• _TASK DIRECTIONS_
From the top of the entries below through the line containing "3â€™ x 5â€™", return every line exactly as written, please, and stop there.

::::

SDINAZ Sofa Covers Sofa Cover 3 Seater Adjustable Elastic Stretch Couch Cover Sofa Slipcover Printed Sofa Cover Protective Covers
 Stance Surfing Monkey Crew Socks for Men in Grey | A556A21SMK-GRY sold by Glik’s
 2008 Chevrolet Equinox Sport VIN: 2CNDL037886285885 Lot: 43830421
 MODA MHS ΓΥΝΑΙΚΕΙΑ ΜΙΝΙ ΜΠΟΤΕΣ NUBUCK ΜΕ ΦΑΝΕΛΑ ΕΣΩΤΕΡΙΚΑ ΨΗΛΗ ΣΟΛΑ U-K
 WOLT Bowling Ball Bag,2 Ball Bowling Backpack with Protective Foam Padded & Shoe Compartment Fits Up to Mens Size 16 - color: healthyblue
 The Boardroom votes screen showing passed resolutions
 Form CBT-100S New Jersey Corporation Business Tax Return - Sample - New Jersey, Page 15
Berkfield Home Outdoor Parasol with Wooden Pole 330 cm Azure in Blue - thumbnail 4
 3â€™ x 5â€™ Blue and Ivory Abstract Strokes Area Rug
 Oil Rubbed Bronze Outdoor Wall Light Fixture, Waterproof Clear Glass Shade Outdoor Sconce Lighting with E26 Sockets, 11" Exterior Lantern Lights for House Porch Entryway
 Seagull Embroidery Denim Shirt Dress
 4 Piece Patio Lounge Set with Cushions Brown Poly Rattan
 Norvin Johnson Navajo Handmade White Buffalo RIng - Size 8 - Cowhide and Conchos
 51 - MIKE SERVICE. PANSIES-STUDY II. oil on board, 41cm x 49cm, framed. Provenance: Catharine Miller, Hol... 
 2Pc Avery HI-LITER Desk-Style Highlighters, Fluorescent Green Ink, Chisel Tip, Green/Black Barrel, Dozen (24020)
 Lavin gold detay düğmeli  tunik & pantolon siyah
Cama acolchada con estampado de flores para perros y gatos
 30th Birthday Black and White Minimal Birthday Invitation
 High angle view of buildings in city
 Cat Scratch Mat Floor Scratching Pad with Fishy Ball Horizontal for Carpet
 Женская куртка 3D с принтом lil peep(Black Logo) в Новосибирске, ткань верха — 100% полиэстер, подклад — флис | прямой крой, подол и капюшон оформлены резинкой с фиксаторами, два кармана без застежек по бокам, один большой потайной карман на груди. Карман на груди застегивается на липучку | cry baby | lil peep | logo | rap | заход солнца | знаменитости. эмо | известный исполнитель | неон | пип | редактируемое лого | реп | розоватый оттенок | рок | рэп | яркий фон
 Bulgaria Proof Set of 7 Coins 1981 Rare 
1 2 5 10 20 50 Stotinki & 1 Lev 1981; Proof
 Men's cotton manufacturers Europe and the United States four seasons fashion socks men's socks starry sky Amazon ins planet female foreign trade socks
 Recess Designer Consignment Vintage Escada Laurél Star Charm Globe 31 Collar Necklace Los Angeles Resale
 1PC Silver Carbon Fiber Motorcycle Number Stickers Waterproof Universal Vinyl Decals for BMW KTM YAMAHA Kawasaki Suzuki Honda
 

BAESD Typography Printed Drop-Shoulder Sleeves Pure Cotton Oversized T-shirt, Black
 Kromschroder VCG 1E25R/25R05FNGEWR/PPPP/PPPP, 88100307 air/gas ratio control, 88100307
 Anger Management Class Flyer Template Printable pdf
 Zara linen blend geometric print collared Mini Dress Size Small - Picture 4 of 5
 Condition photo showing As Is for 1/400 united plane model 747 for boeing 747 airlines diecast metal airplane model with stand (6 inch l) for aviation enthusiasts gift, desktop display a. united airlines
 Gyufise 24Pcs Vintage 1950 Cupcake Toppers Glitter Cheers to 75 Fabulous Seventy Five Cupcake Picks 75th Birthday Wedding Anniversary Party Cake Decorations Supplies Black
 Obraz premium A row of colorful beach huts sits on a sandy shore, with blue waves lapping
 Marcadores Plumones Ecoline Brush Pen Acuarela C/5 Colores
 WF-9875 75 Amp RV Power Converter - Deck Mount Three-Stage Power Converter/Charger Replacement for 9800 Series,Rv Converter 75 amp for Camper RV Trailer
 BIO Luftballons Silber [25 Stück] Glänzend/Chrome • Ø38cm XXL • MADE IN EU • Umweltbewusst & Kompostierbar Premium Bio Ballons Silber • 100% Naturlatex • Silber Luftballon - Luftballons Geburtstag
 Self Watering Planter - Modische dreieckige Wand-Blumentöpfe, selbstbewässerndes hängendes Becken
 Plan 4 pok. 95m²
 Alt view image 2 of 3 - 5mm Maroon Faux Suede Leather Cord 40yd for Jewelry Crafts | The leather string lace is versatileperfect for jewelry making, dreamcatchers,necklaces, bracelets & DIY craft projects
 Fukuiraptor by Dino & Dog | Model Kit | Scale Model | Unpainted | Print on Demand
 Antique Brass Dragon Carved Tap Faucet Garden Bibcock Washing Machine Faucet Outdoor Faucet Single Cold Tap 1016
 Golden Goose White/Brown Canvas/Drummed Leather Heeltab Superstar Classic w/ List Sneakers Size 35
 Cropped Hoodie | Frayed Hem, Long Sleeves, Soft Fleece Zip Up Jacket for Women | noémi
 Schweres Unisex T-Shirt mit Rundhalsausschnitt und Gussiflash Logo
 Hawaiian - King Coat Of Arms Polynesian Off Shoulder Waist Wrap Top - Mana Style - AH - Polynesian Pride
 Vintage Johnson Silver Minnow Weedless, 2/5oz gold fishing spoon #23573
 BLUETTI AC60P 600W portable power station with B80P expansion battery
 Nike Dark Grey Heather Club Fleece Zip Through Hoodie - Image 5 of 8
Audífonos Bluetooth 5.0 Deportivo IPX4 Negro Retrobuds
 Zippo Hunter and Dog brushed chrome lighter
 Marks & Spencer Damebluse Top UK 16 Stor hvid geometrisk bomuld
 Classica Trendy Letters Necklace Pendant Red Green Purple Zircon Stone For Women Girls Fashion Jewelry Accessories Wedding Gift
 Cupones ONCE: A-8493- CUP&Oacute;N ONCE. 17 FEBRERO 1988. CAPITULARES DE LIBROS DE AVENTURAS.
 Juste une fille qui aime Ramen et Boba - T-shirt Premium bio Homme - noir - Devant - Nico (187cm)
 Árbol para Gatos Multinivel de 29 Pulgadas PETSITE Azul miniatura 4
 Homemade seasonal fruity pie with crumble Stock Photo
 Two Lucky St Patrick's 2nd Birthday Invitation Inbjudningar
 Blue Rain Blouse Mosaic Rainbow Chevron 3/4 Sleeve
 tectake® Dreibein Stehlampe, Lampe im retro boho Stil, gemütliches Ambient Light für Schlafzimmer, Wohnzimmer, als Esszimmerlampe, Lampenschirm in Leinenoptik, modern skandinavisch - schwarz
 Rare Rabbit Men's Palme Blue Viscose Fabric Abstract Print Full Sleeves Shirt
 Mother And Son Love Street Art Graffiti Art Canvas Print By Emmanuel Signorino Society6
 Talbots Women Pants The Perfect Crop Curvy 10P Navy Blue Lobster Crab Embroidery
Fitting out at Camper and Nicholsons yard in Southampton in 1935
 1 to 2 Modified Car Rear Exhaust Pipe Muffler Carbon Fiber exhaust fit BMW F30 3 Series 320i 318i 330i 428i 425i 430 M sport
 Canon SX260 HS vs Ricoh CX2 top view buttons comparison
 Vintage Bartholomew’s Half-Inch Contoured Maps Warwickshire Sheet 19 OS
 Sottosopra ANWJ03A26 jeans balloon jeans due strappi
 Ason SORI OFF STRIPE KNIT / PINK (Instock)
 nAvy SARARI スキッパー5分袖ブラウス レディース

::::

• _SOLUTION TO THE EXERCISE_
SDINAZ Sofa Covers Sofa Cover 3 Seater Adjustable Elastic Stretch Couch Cover Sofa Slipcover Printed Sofa Cover Protective Covers
 Stance Surfing Monkey Crew Socks for Men in Grey | A556A21SMK-GRY sold by Glik’s
 2008 Chevrolet Equinox Sport VIN: 2CNDL037886285885 Lot: 43830421
 MODA MHS ΓΥΝΑΙΚΕΙΑ ΜΙΝΙ ΜΠΟΤΕΣ NUBUCK ΜΕ ΦΑΝΕΛΑ ΕΣΩΤΕΡΙΚΑ ΨΗΛΗ ΣΟΛΑ U-K
 WOLT Bowling Ball Bag,2 Ball Bowling Backpack with Protective Foam Padded & Shoe Compartment Fits Up to Mens Size 16 - color: healthyblue
 The Boardroom votes screen showing passed resolutions
 Form CBT-100S New Jersey Corporation Business Tax Return - Sample - New Jersey, Page 15
Berkfield Home Outdoor Parasol with Wooden Pole 330 cm Azure in Blue - thumbnail 4
 3â€™ x 5â€™ Blue and Ivory Abstract Strokes Area Rug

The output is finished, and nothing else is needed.